Once you find the line with "Cat Harness and" in the entries below, print it and each line after it up to and including the line with "Valentijnsdag houten standaard", exactly, without pictures.

DATA LISTING:
• • • • •
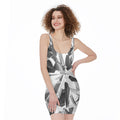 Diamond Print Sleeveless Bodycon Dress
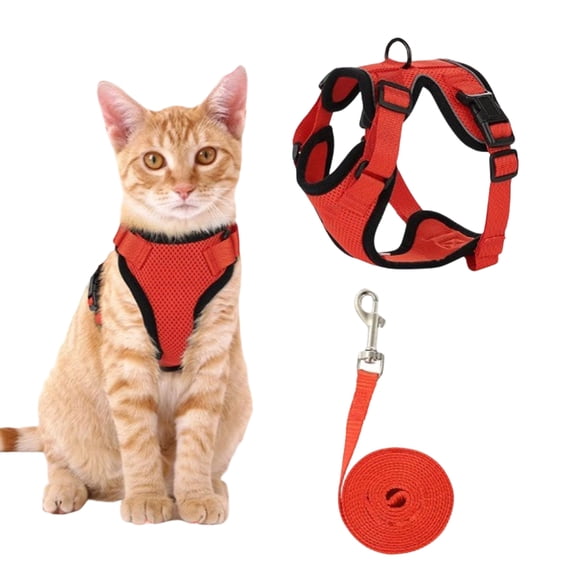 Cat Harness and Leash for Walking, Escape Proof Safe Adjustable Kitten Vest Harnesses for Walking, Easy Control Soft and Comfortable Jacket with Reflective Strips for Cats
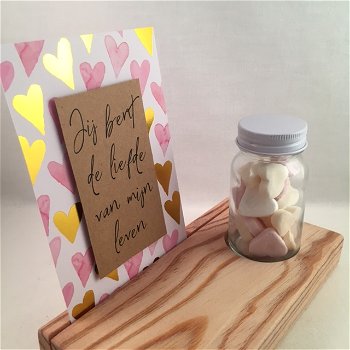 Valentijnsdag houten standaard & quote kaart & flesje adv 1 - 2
• • • • •
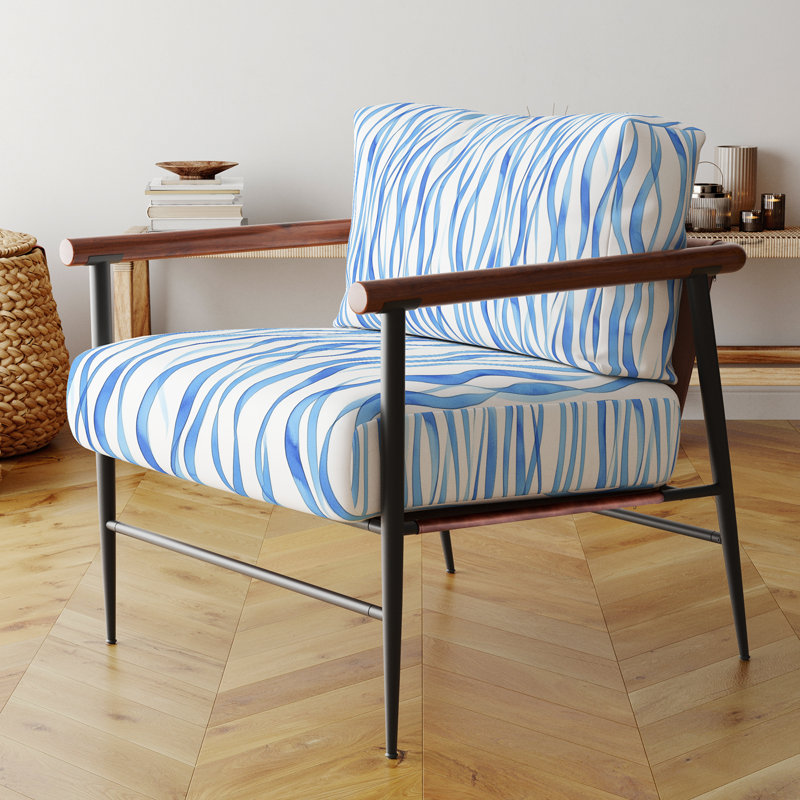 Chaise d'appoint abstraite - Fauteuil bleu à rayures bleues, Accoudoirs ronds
• • • • •
THE COMPLETED TASK:
 Cat Harness and Leash for Walking, Escape Proof Safe Adjustable Kitten Vest Harnesses for Walking, Easy Control Soft and Comfortable Jacket with Reflective Strips for Cats
 Valentijnsdag houten standaard & quote kaart & flesje adv 1 - 2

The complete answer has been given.